The schemas I use are from v1.9.5, are you already on that version? It could help to update if not.

I thinks I’m in the same version because I download the latest Docker image from the official Docker Hub repository yesterday. There is any way to know exactly what version im running if do it with a docker container?

the docker image has been updated, so running docker pull storjlabs/storagenode:latest would do it. Make sure your run command also uses the :latest tag.

I have remove the container and the image. Then I pull the tagged “latest” image (Image ID: 18b91207b1ab) using the command you type. After that I run the container and get the same schema error.

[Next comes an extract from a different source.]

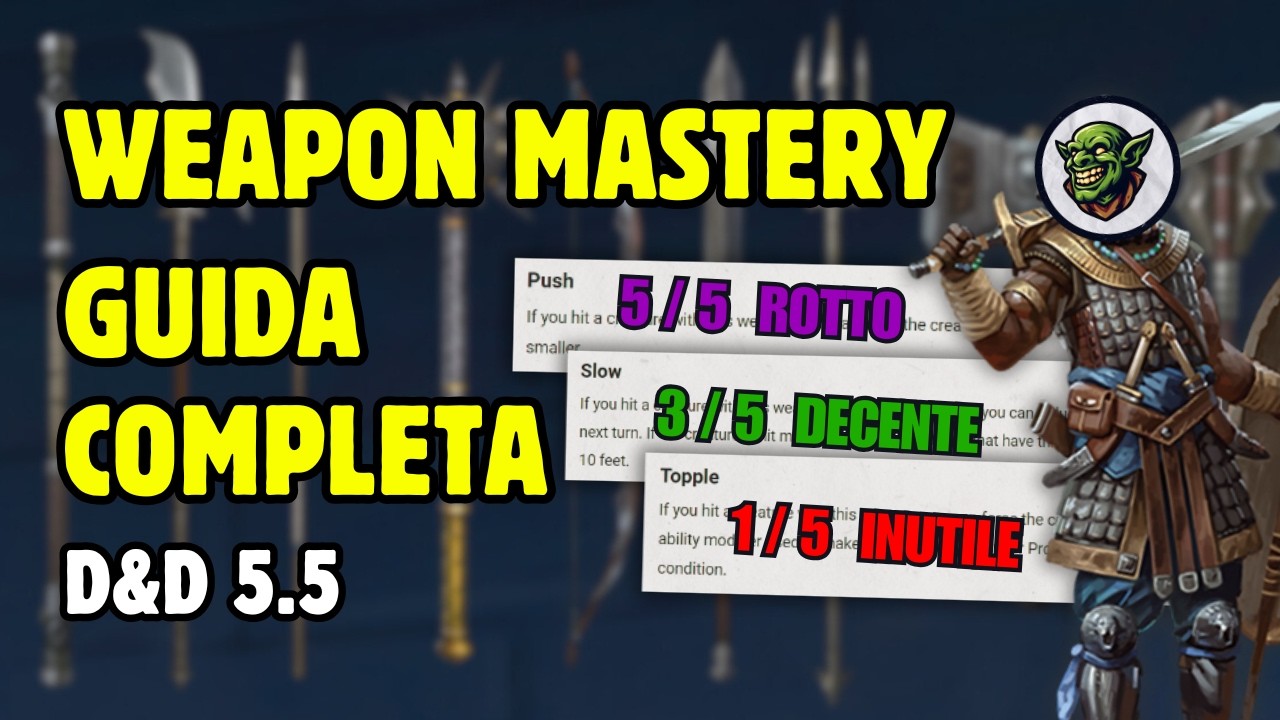 Guida alle WEAPON MASTERY - PADRONANZE D&D 5e ita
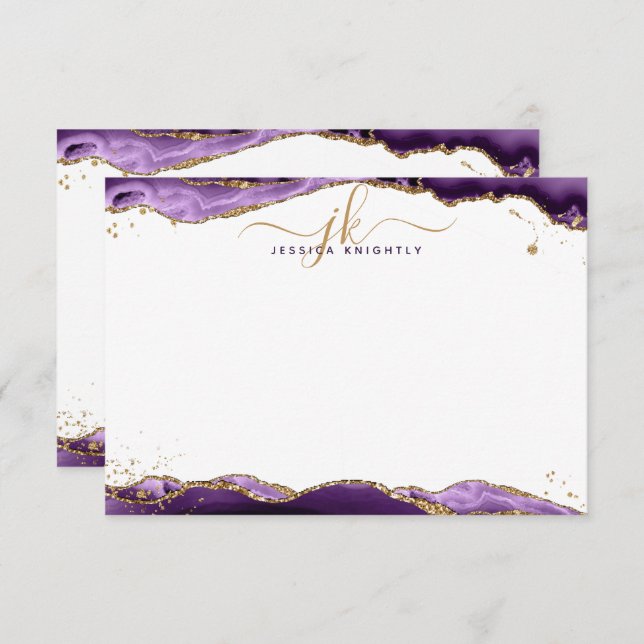 Purple Agate Geode Script Monogram Gold Glitter Card (Front/Back)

oh whoops, I overlooked that it’s actually a different schema. Let’s just keep going then I guess.

Rename storage_usage.db

sqlite3 storage_usage.db

CREATE TABLE storage_usage (
                                                satellite_id BLOB NOT NULL,
                                                at_rest_total REAL NOT NULL,
                                                interval_start TIMESTAMP NOT NULL,
                                                PRIMARY KEY (satellite_id, interval_start)
                                        );

.quit

In the mean time, I just want to double check. Is it possible that you changed the path to storage and perhaps created new empty db files? It seems every db file is broken. That is highly unlikely to happen on a sudden shut down as a lot of these db’s are very infrequently written to.

I’m thinking you may have created empty db files by trying to do a consistency check on them. With that in mind, you should probably check all paths and have a look at file sizes as well as the size of the corresponding blobs folder. If we start the node with a wrong path or no data after finally recreating all db’s, your node will be disqualified within minutes. So lets make sure to check that first.

I checked the paths and they are fine. Blobs folder has the size expected, so I try something.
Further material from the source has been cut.